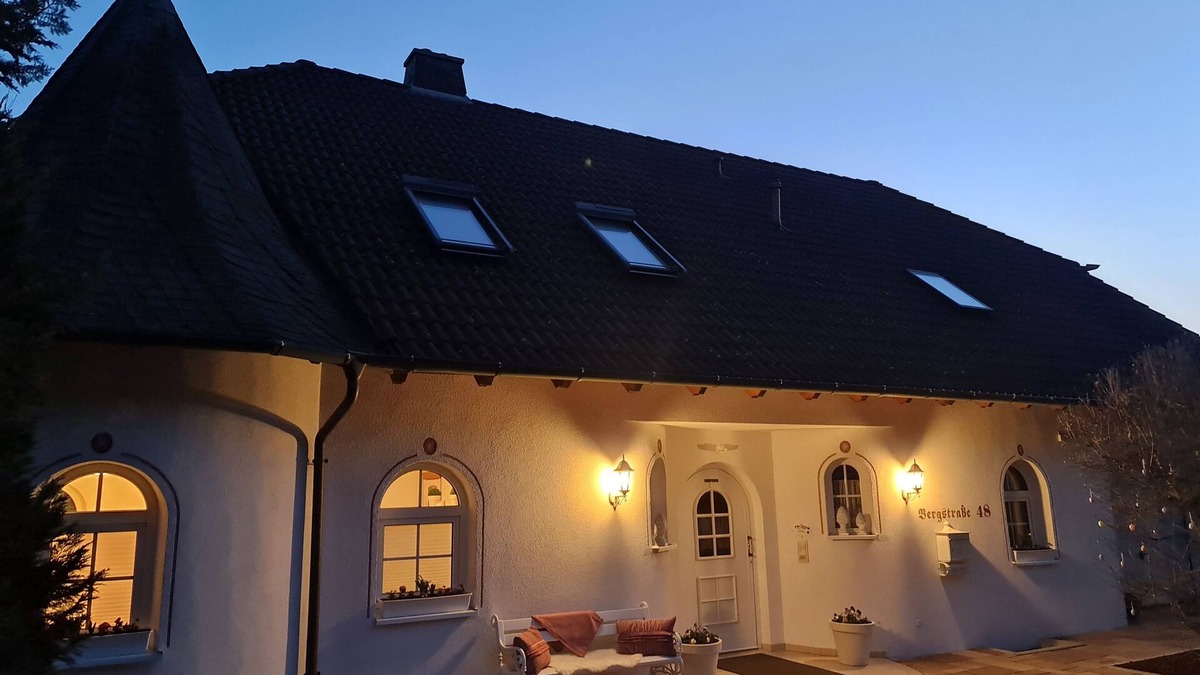 Nuedlingen Apartment | GardenView Apartments & Suites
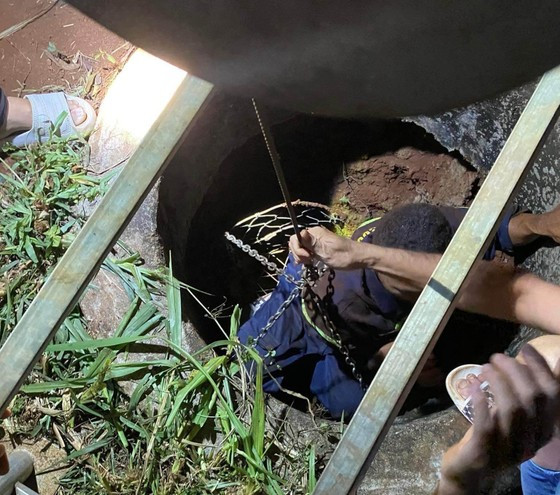 Lực lượng chức năng xuống giếng để giải cứu cô gái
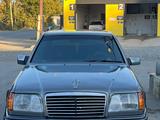 Mercedes-Benz E 220 1993 годаүшін1 900 000 тг. в Семей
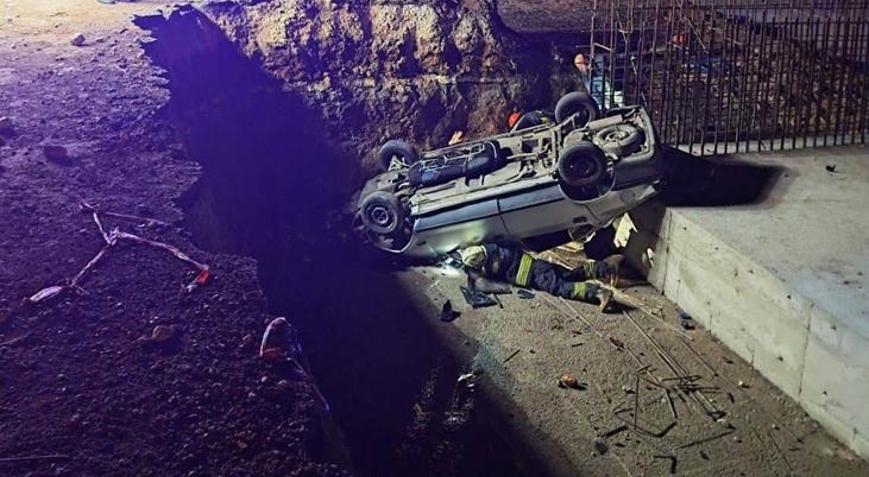Eskişehirde feci kaza: Yol çalışması çukuruna düşen araçta 1 ölü, 5 yaralı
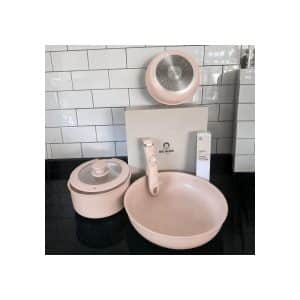 woocommerce-138.jpg Batería Ollas Y Sartén Set 5 Antiadherente Mango Desmontable Rosa Pastel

——

_THE TASK_. Please write out the material from the line containing "Mercedes-Benz E 220" to its final line, both inclusive, exactly as it appears; pictures are not part of the copy.

_EXPECTED ANSWER_.
 Mercedes-Benz E 220 1993 годаүшін1 900 000 тг. в Семей
Eskişehirde feci kaza: Yol çalışması çukuruna düşen araçta 1 ölü, 5 yaralı
 woocommerce-138.jpg Batería Ollas Y Sartén Set 5 Antiadherente Mango Desmontable Rosa Pastel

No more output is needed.